Просветленный пафос их стихов, даже самых трагических, объясняется глубоким ощущением целесообразности бытия и своего законного неотменимого места в нем. «Всеразрешающий мотив их лирики — чувство долга <…> Долг — это нечто настолько естественное для них, что они и слова-то “долг” почти не употребляют, для них полная включенность в структуру мира, в дело мира — состояние до такой степени само собой разумеющееся, что вопрос тут стоит не о факте долга, а лишь о предельности самоотдачи»[26].
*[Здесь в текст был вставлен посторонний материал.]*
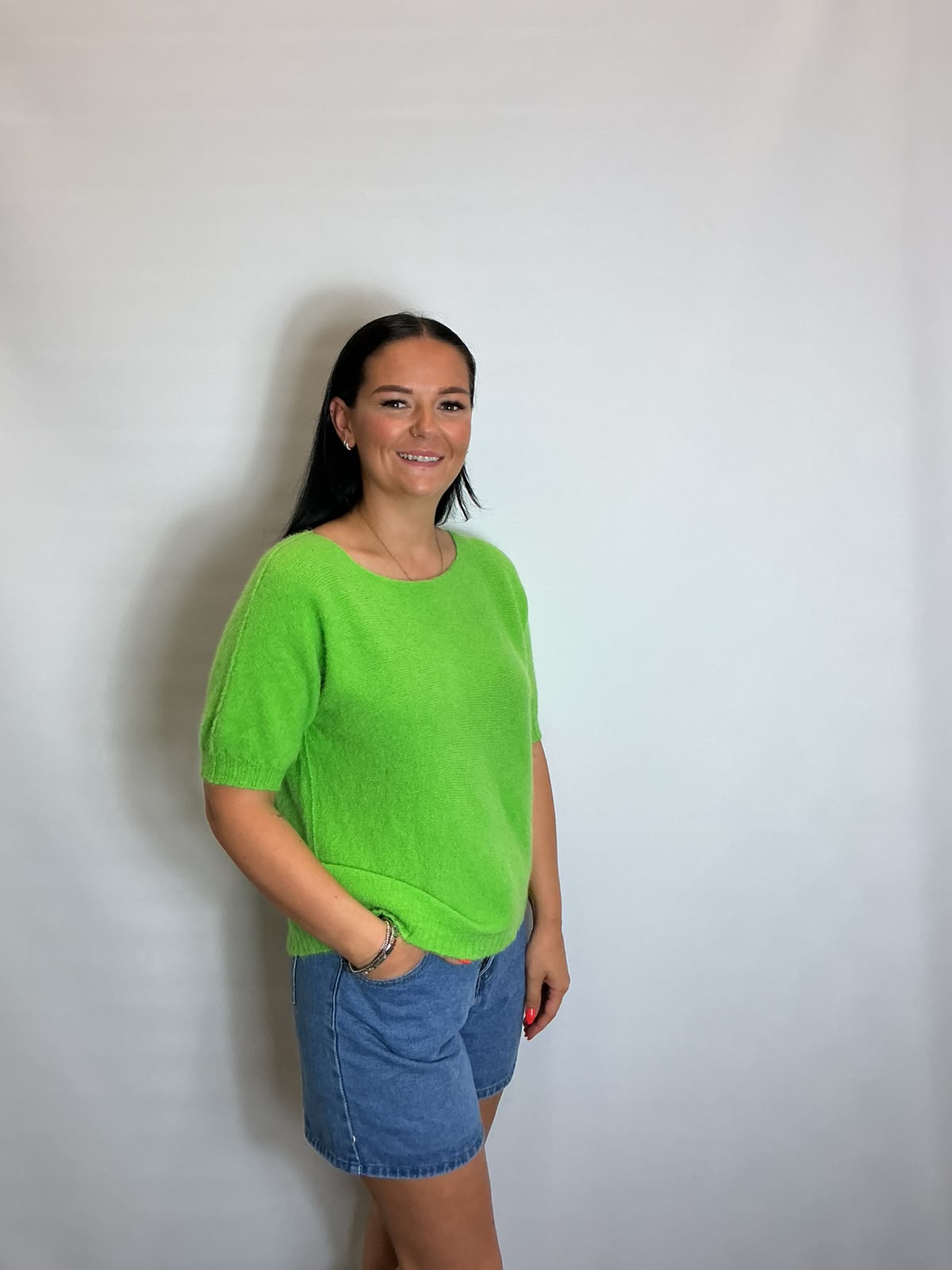 Women’s Lime Green short-sleeve relaxed knit jumper with a wide round neckline and ribbed cuffs and hem.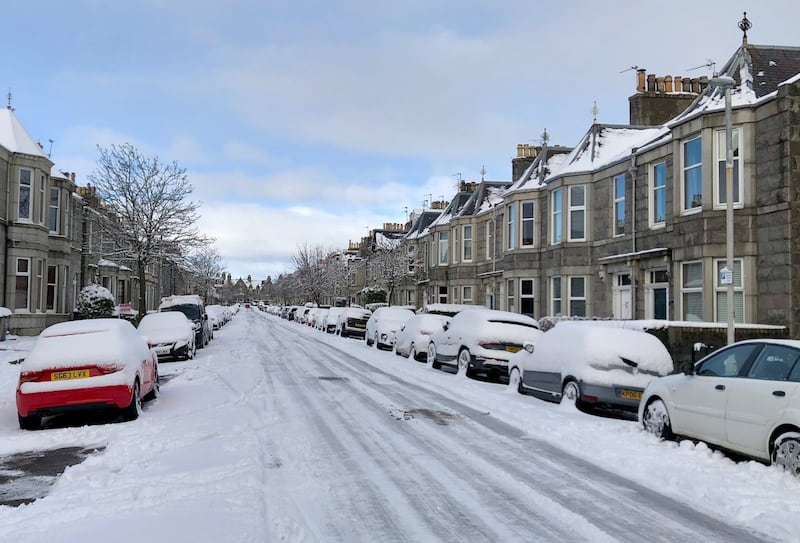 A street blanketed with snow in the west end of Aberdeen, Scotland. PA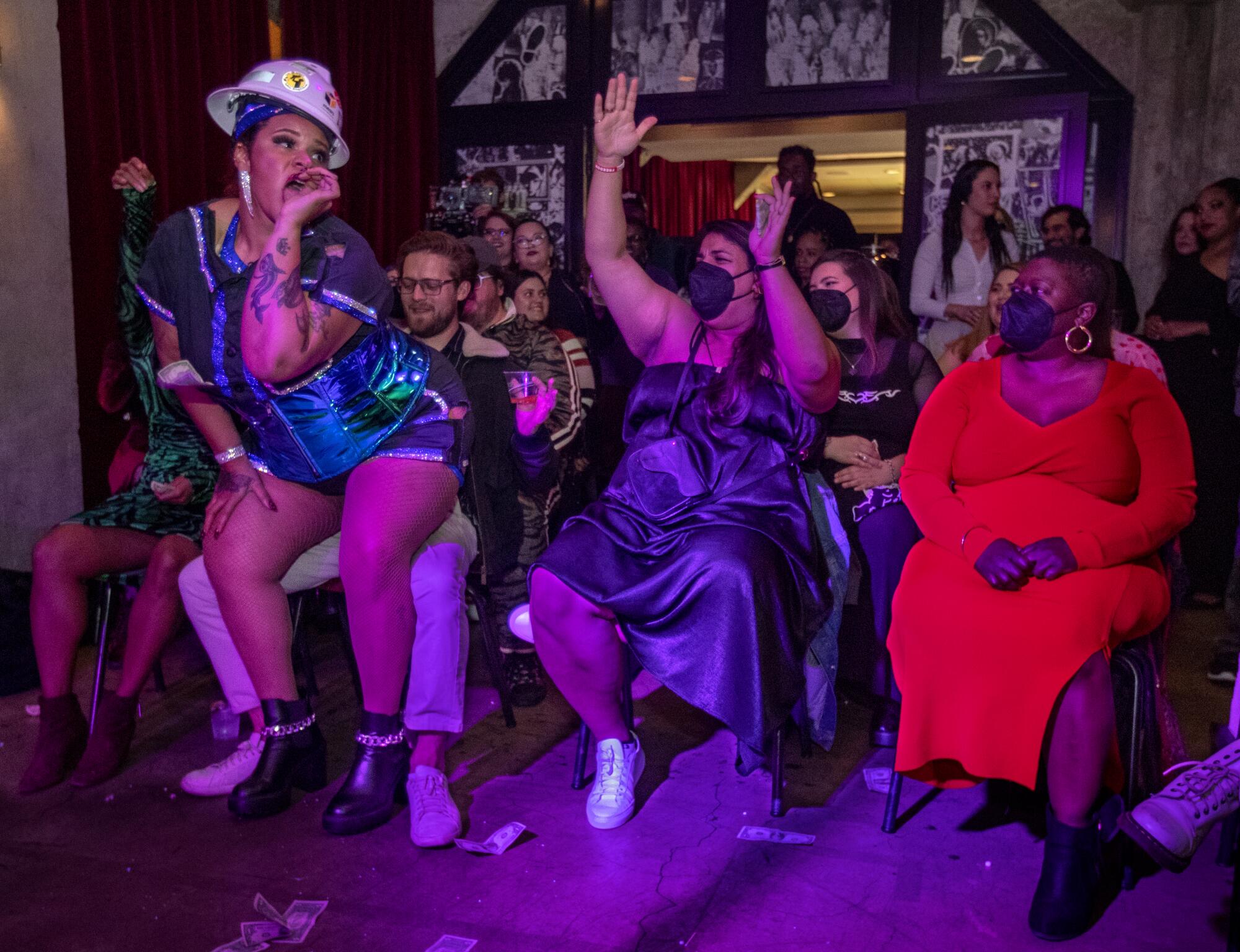 A burlesque dancer in a hard hat backs up to a cheering audience member.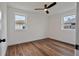 Bedroom features laminate flooring, neutral walls, recessed lighting, a fan, and two windows at 410 Virginia Ave, Madeira Beach, FL 33708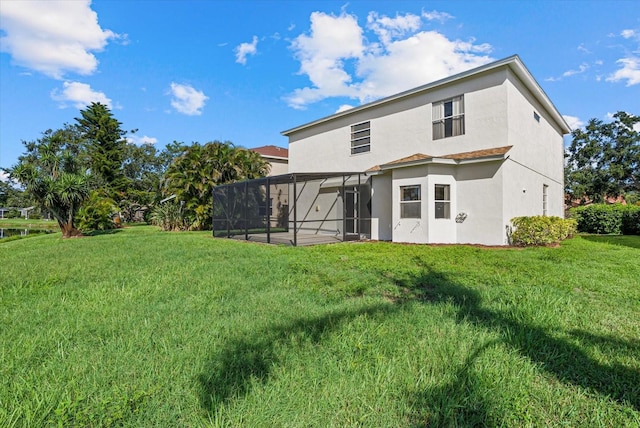 9528 Knightsbridge Cir, Sarasota, FL 34238 - rear view of house featuring stucco siding, a lawn, and a lanai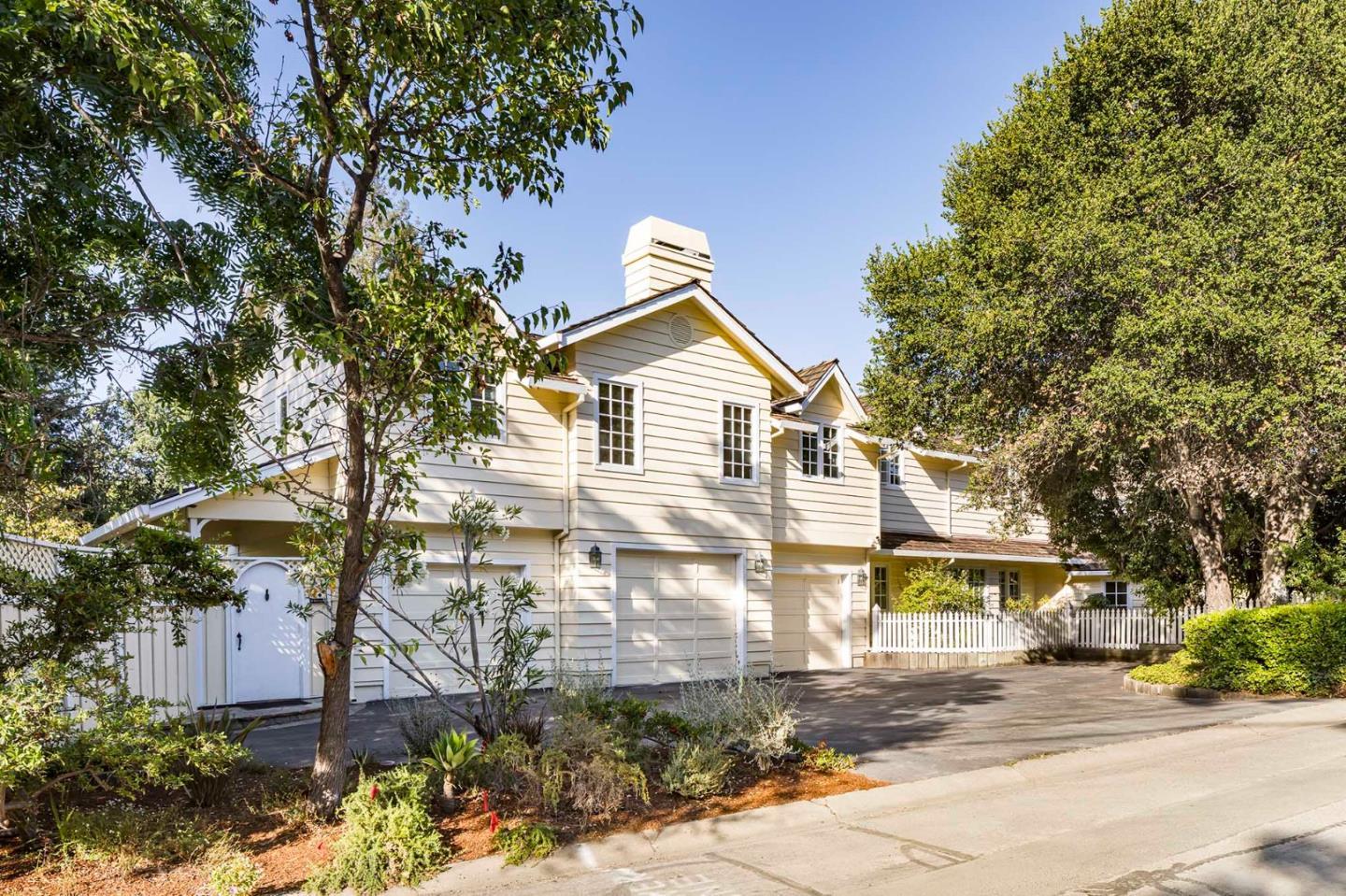 11491 Old Ranch Road Los Altos Hills, CA 94024 - Photo 44 of 52 a front view of a house with a yard and garage
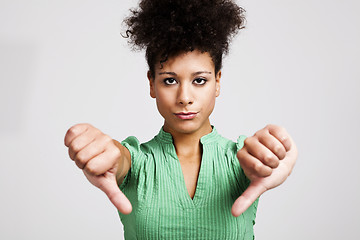 Image showing Beautiful woman with thumbs down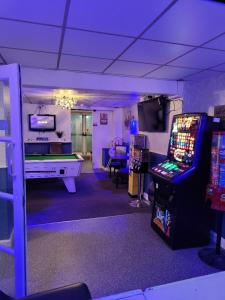 a gaming room with a video game console and a pool table at The Merlin Hotel in Blackpool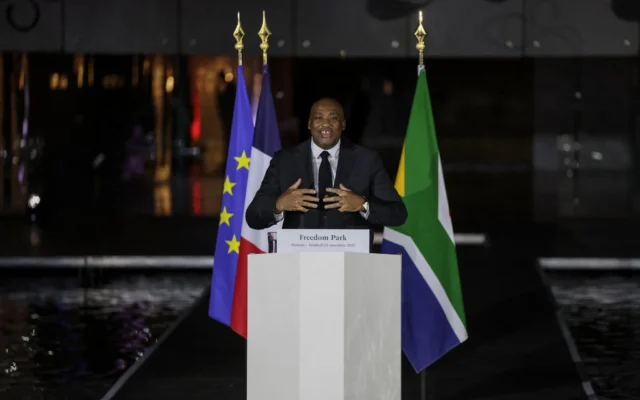 Le ministre sud-africain des Sports, des Arts et de la Culture, Gayton McKenzie (au centre), s'exprime lors d'une cérémonie commémorative en l'honneur des Français qui ont lutté contre l'apartheid, en présence du vice-président sud-africain Paul Mashatile et du président français Emmanuel Macron, au Freedom Park de Pretoria, le 21 novembre 2025, à la veille du sommet des dirigeants du G20. (Crédit :  Ludovic MARIN / AFP)
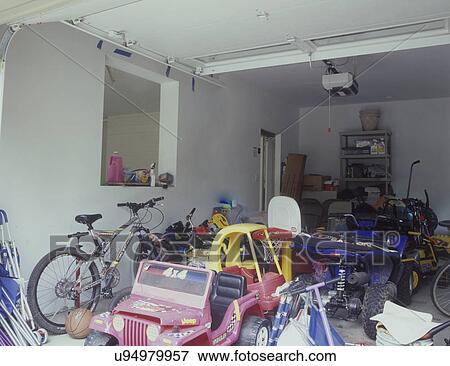 Picture Of Garage Storage Cluttered Mess Before Organization Kids Garage Storage Cluttered Mess Before Organization Kids Toys Bikes Horizontal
Основу же поэтики школы, считает Лев Аннинский, составил конфликт «реалий и символов»[27]. Но «реалия» в определенном повороте — и есть «символ» (когановская ракета, шашка Щорса у Кульчицкого). Скажем чуть по-иному: основными строительными элементами их мира, в известной степени его полюсами, были предмет-деталь и формула – афоризм, прямое высказывание о жизни.
Идея долга, предельной самоотдачи не делает их стихи анемичными, высушенными, как у тех, кто призывал держать лирический порох сухим и рассматривал стихотворный размер как простой инструмент для иллюстрации очередного партийного постановления. Напротив, их строки часто романтически избыточны (недаром они числили Багрицкого одним из своих предтеч). Они со страстью вгрызаются в плоть «прекрасного и яростного» мира, влюблены в его краски, запахи, голоса. Поэтому им нужен разворот пространства, поэтому в их стихах часто гремят грома, на берег рушится вода, несется бурный поток жизни.
Не тройки русской поэзии века девятнадцатого — скорый поезд с лязгом и шумом проносится в стихах многих. Правда, тексты Бориса Богаткова, Иосифа Ливертовского еще спокойны, описательны. Но Майоров. Коган, Смоленский, не сговариваясь, находят ритм и интонацию, точно совпадающую с предметом изображения.
Ночной экспресс бессонным оком
Проглянет хмуро и помчит,
Хлестнув струей горящих окон
По черной спутанной ночи.
И задохнется, и погонит,
Закинув голову, сопя,
Швыряя вверх и вниз вагоны,
За стыком — стыки, и опять
С досады взвоет и без счета
Листает полустанки, стык
За стыком, стык за стыком, к черту
Послав постылые посты…
(Б. Смоленский «Ночной экспресс», 1939)
В таком задыхающемся ритме, где образы постоянно набегают друг на друга, теснятся, чтобы завершиться финальным афоризмом, написаны «Гроза» Когана (вслед за ней, кстати, можно выстроив еще целый ряд «грозовых» стихотворений), «Что значит любить» Майорова.